__Entries provided__
##########

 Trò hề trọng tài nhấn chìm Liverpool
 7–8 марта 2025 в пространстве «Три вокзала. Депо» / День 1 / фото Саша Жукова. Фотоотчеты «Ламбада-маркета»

##########

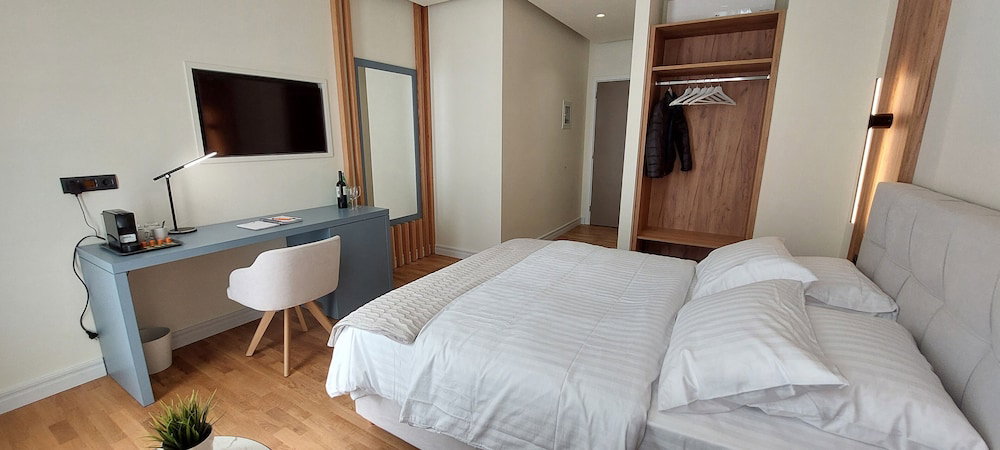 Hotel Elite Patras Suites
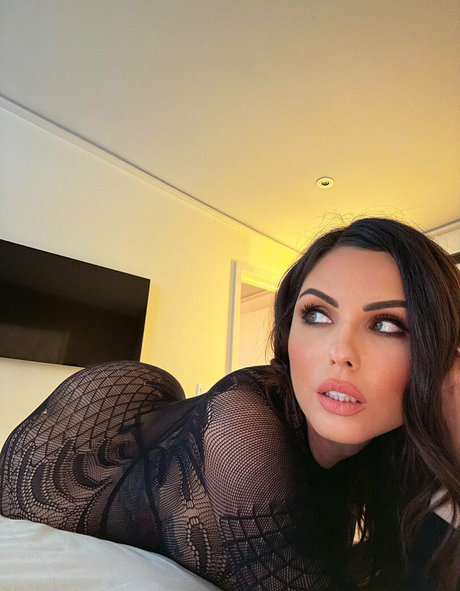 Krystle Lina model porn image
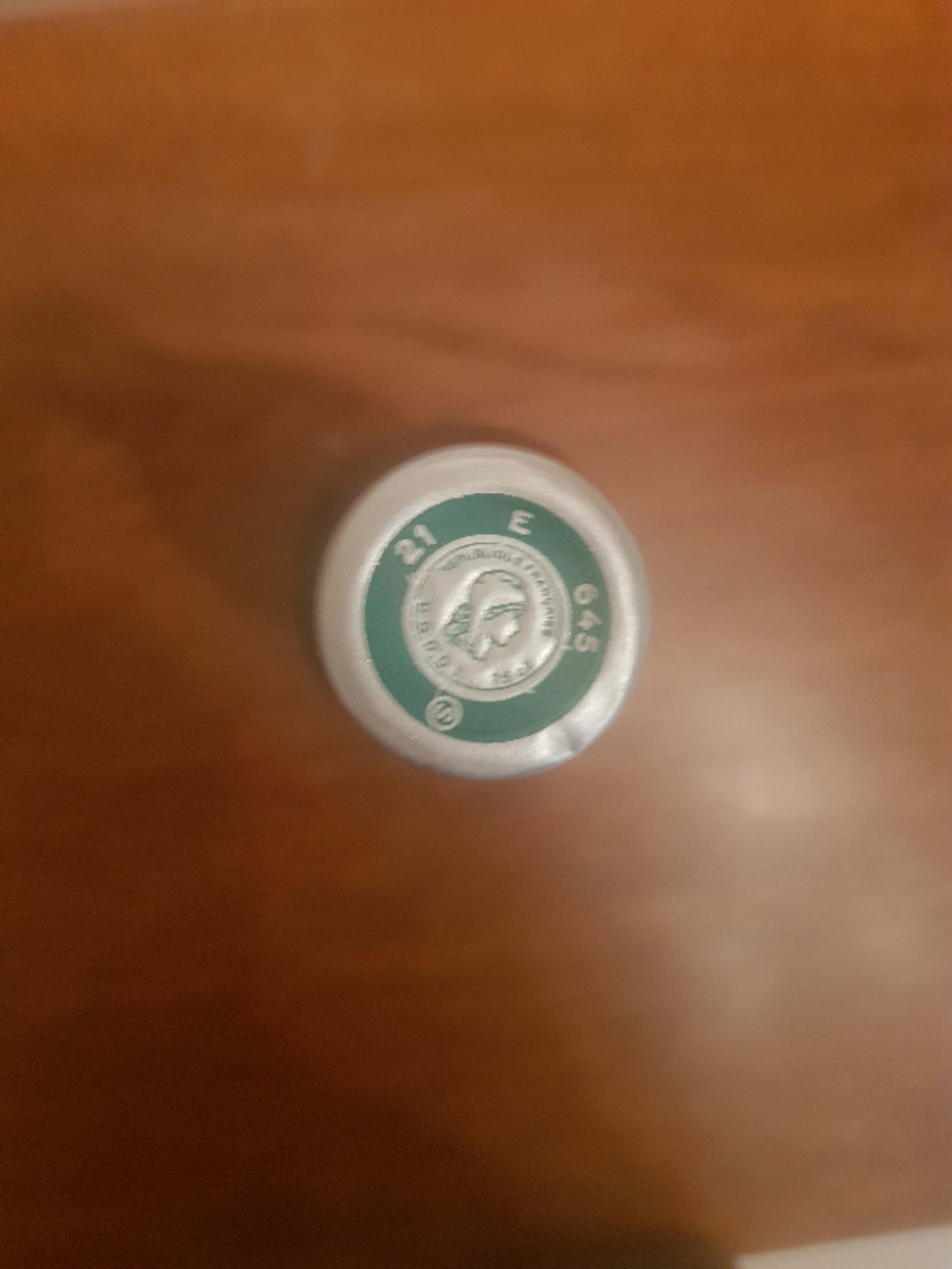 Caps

##########

__Exercise objective__
Restate word for word the lines in the material above from the one with "Trò hề trọng tài nhấn chìm Liverpool" to the one with "7–8 марта 2025"; both of those lines count, and nothing else does.

__Your solution__
 Trò hề trọng tài nhấn chìm Liverpool
 7–8 марта 2025 в пространстве «Три вокзала. Депо» / День 1 / фото Саша Жукова. Фотоотчеты «Ламбада-маркета»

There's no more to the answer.